For the data below, transcribe the part that opens with the line containing "Siluetas skateboarder realiza" and closes with the line containing "Eid Mubarak Photography", exactly and with no pictures.

-- SOURCE MATERIAL follows --

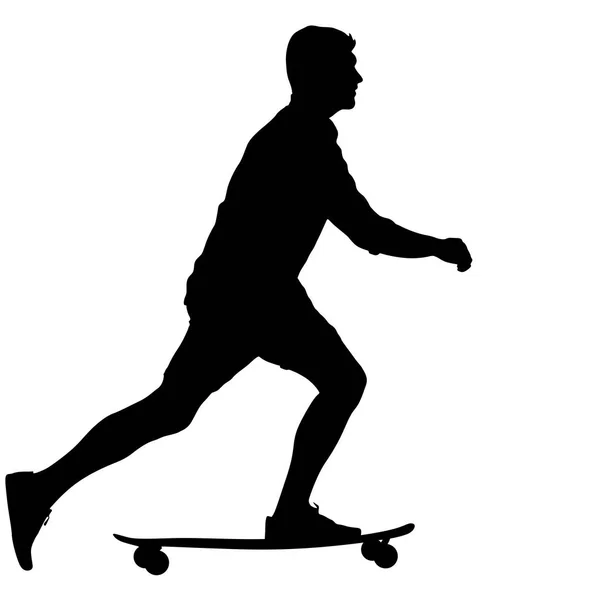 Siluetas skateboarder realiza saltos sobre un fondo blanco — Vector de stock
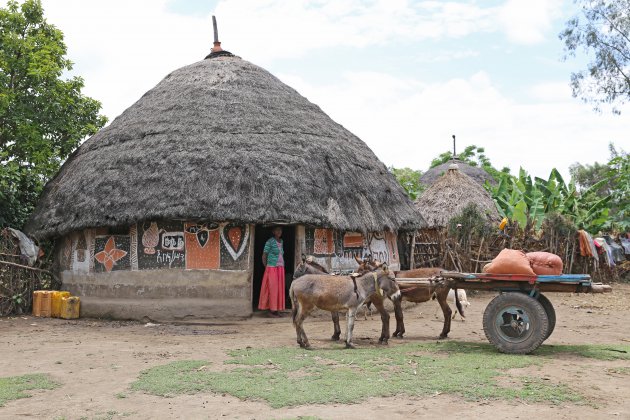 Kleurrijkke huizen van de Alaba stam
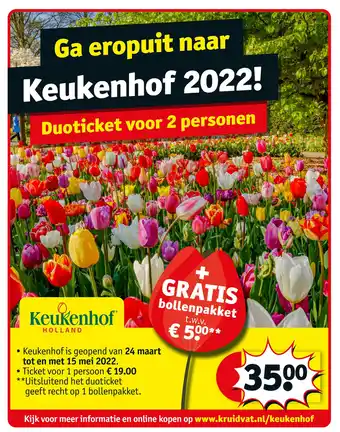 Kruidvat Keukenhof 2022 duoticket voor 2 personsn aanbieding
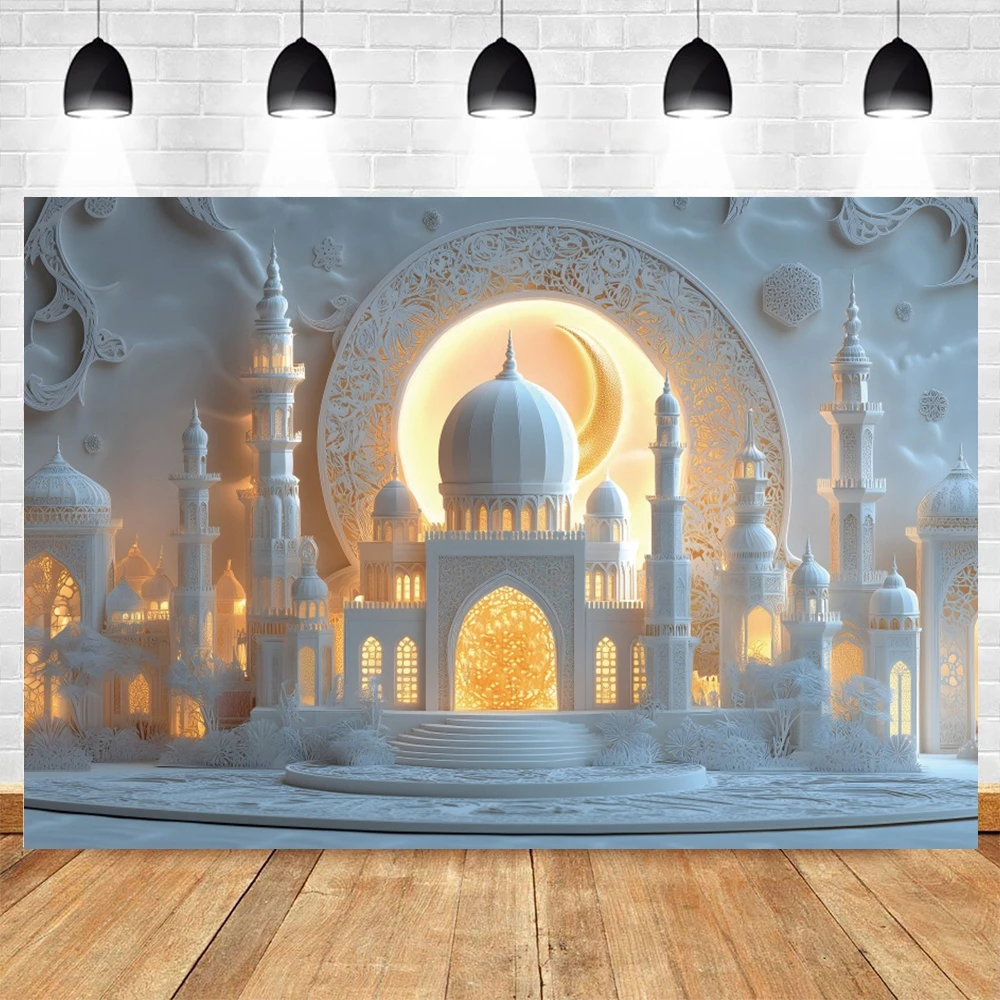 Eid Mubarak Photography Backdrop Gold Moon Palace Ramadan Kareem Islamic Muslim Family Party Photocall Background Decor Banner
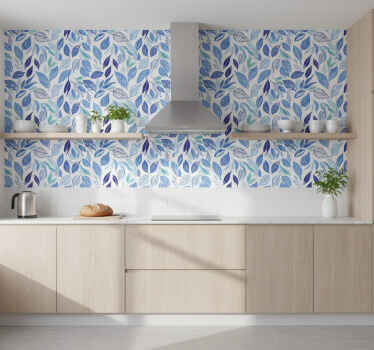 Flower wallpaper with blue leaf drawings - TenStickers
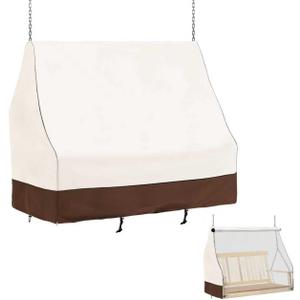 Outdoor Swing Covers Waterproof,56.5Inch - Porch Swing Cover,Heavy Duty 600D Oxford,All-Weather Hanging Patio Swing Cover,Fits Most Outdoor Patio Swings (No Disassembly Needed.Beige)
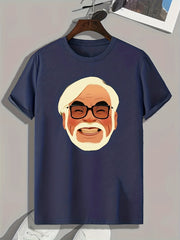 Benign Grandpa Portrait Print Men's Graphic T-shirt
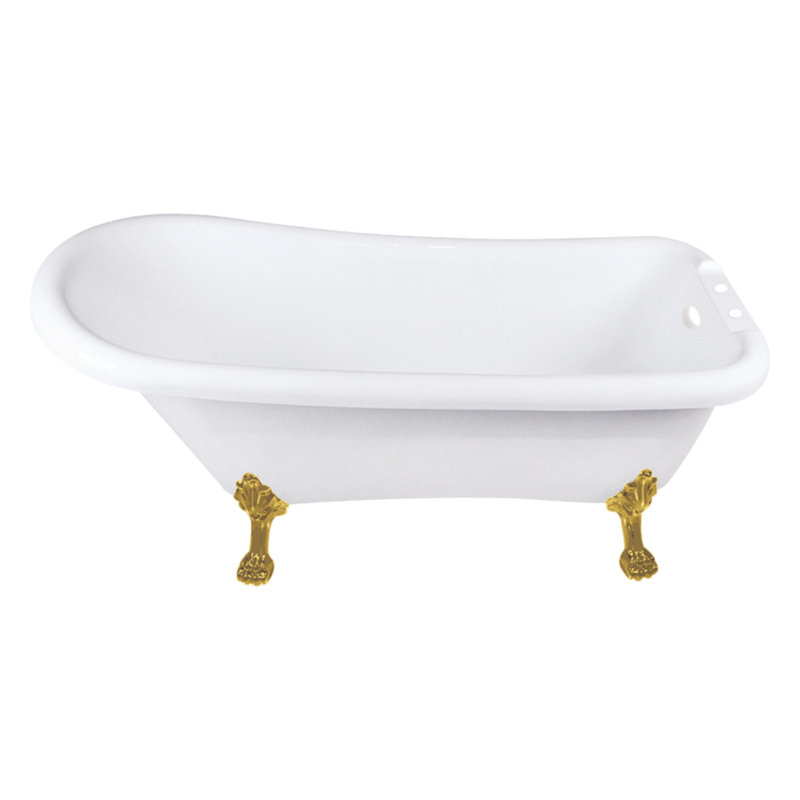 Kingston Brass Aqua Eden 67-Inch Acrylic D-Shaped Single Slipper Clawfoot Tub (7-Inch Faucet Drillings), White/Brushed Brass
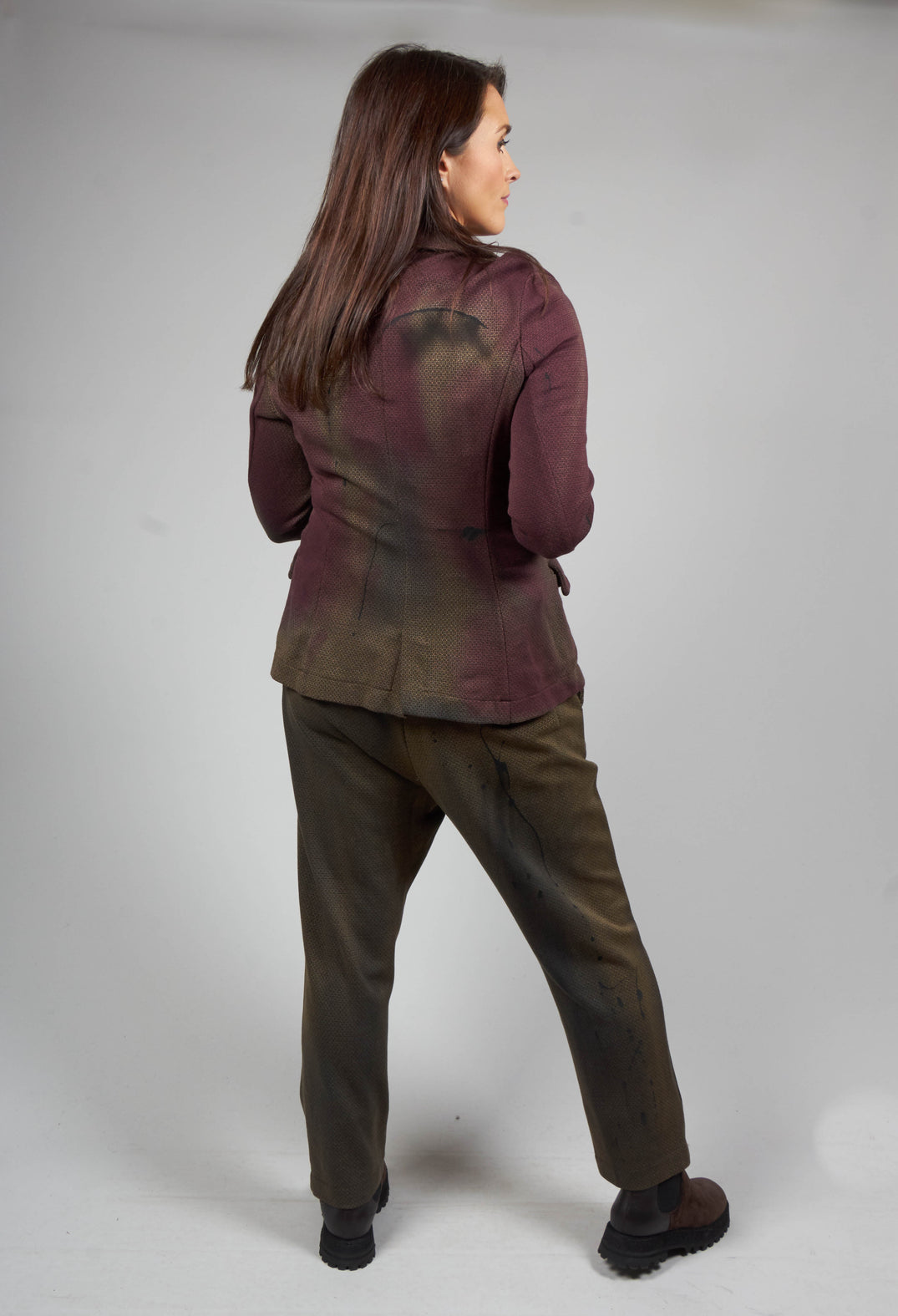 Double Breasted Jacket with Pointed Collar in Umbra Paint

-- SOURCE MATERIAL concluded --
-- SOURCE MATERIAL follows --

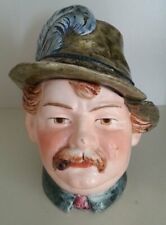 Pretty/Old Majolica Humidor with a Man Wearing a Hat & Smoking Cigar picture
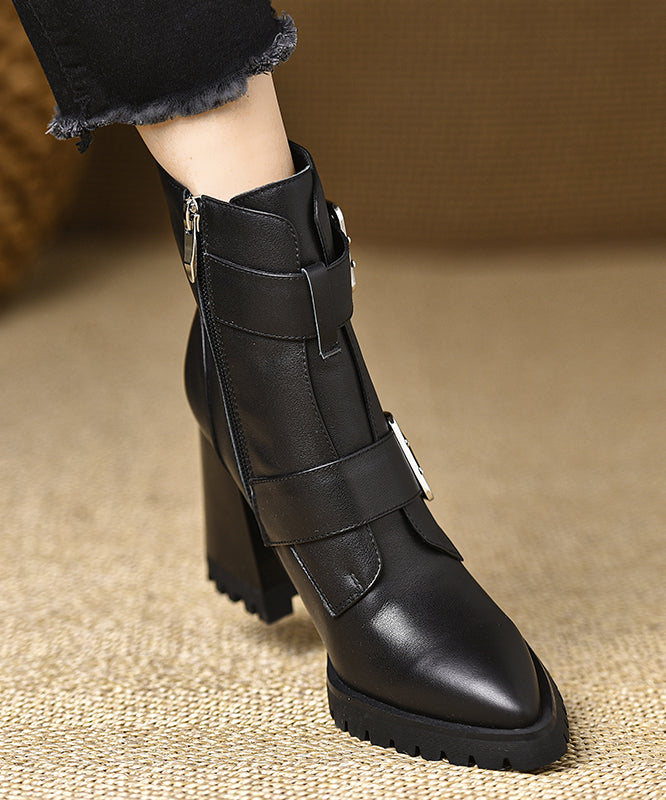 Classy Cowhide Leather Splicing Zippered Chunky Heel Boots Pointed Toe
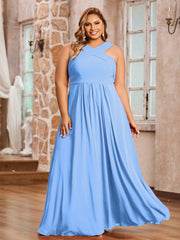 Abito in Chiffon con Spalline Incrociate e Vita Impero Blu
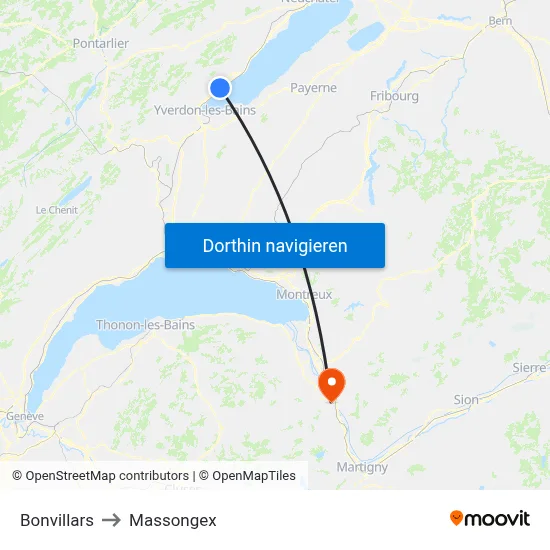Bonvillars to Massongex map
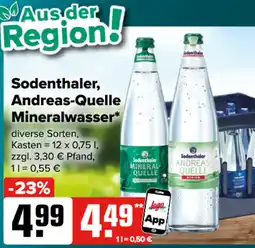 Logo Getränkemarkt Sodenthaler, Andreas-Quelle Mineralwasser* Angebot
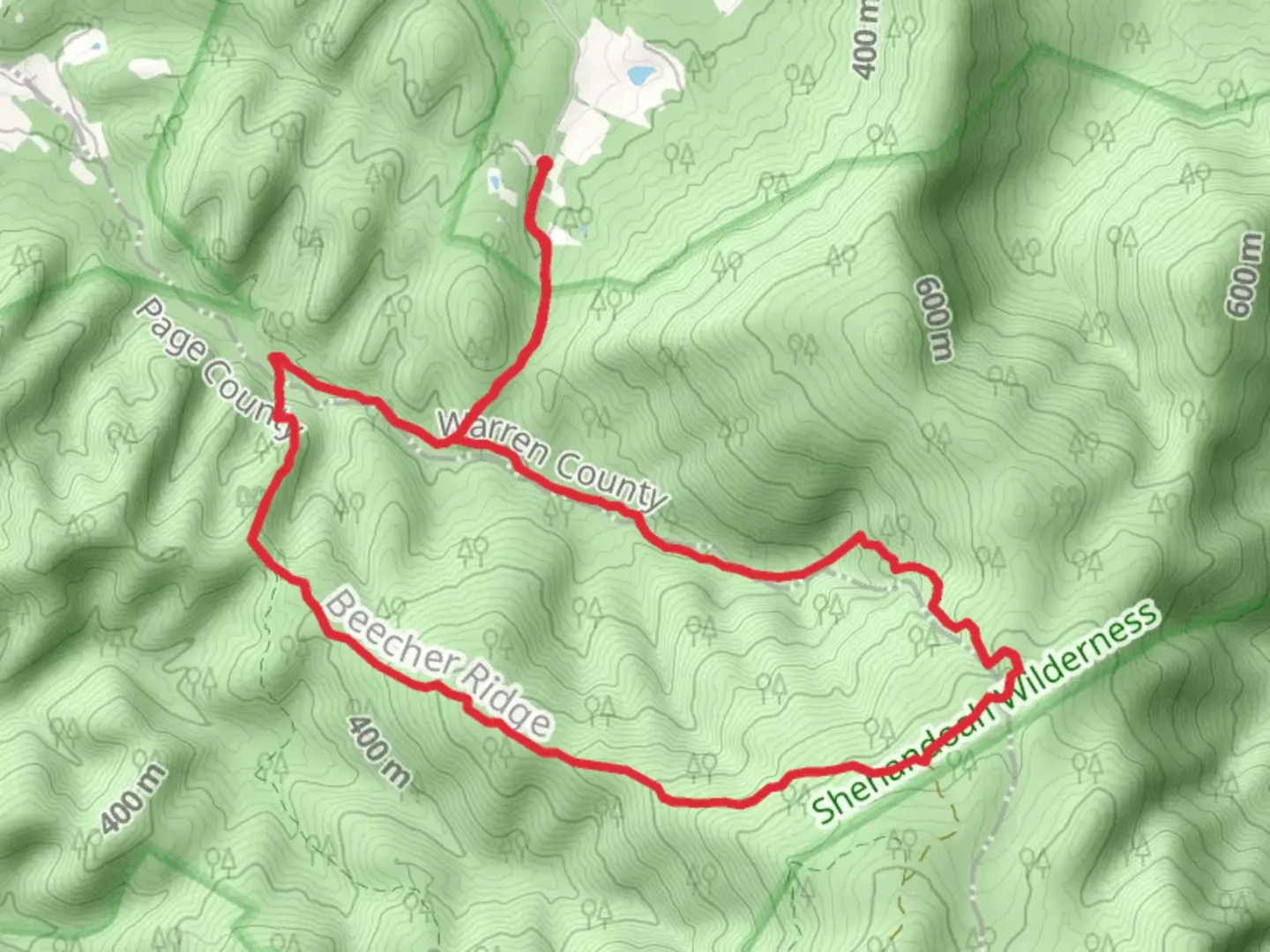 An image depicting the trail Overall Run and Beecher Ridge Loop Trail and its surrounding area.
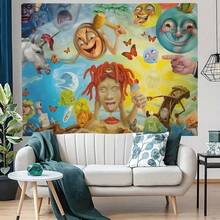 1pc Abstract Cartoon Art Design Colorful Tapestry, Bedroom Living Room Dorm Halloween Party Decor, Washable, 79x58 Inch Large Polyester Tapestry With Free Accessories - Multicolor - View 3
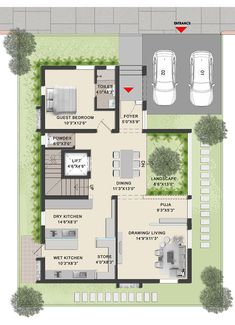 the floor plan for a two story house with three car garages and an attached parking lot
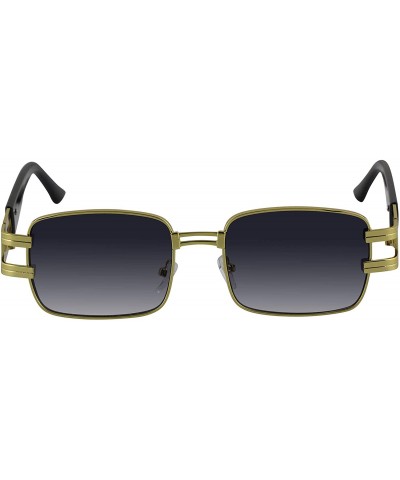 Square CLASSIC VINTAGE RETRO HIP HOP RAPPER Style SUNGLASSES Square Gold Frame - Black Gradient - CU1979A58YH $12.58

-- SOURCE MATERIAL concluded --
-- SOURCE MATERIAL follows --

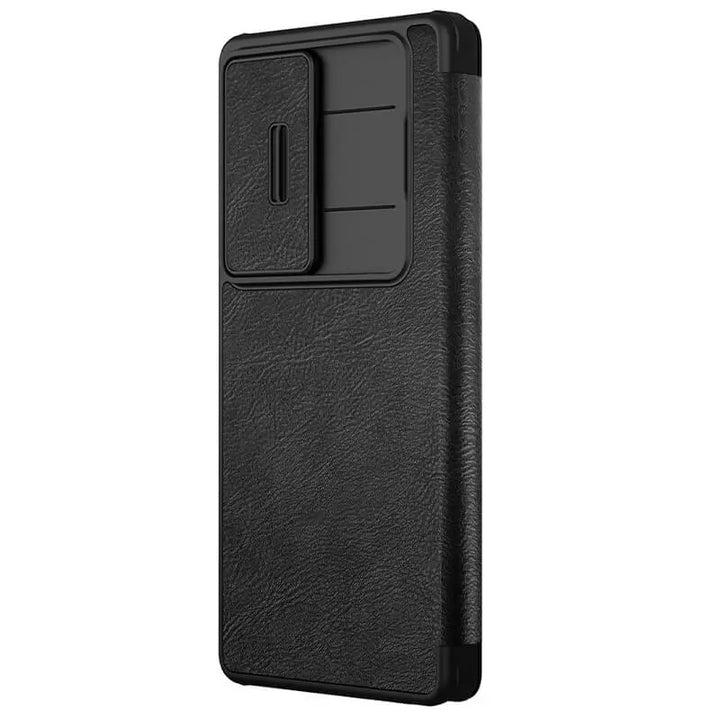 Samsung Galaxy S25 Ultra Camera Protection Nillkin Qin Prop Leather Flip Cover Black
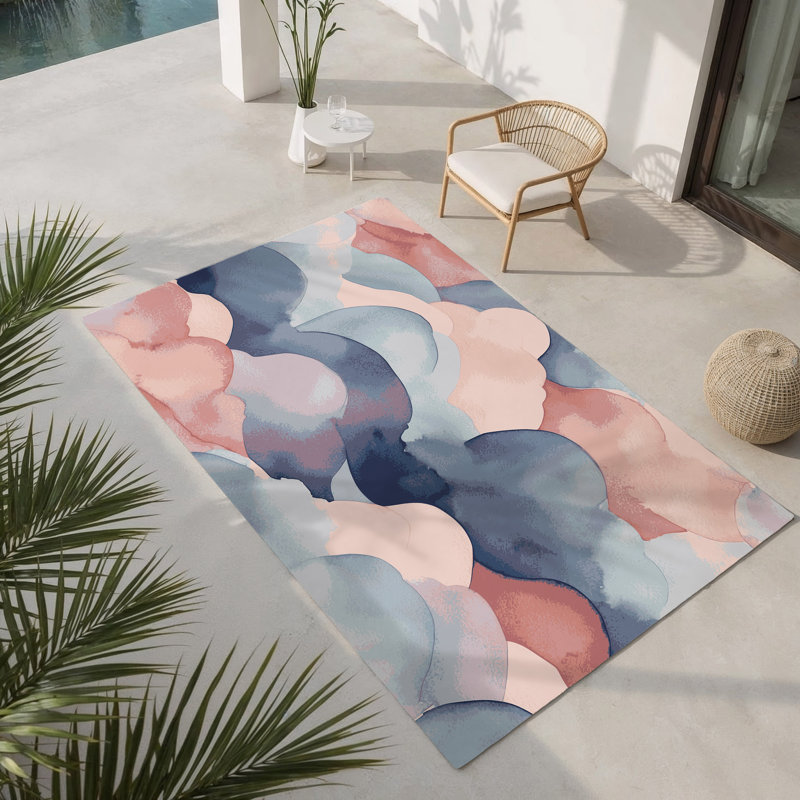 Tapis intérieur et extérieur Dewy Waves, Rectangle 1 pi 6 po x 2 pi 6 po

-- SOURCE MATERIAL concluded --

RESPONSE TO THE TASK:
 Siluetas skateboarder realiza saltos sobre un fondo blanco — Vector de stock
 Kleurrijkke huizen van de Alaba stam
 Kruidvat Keukenhof 2022 duoticket voor 2 personsn aanbieding
 Eid Mubarak Photography Backdrop Gold Moon Palace Ramadan Kareem Islamic Muslim Family Party Photocall Background Decor Banner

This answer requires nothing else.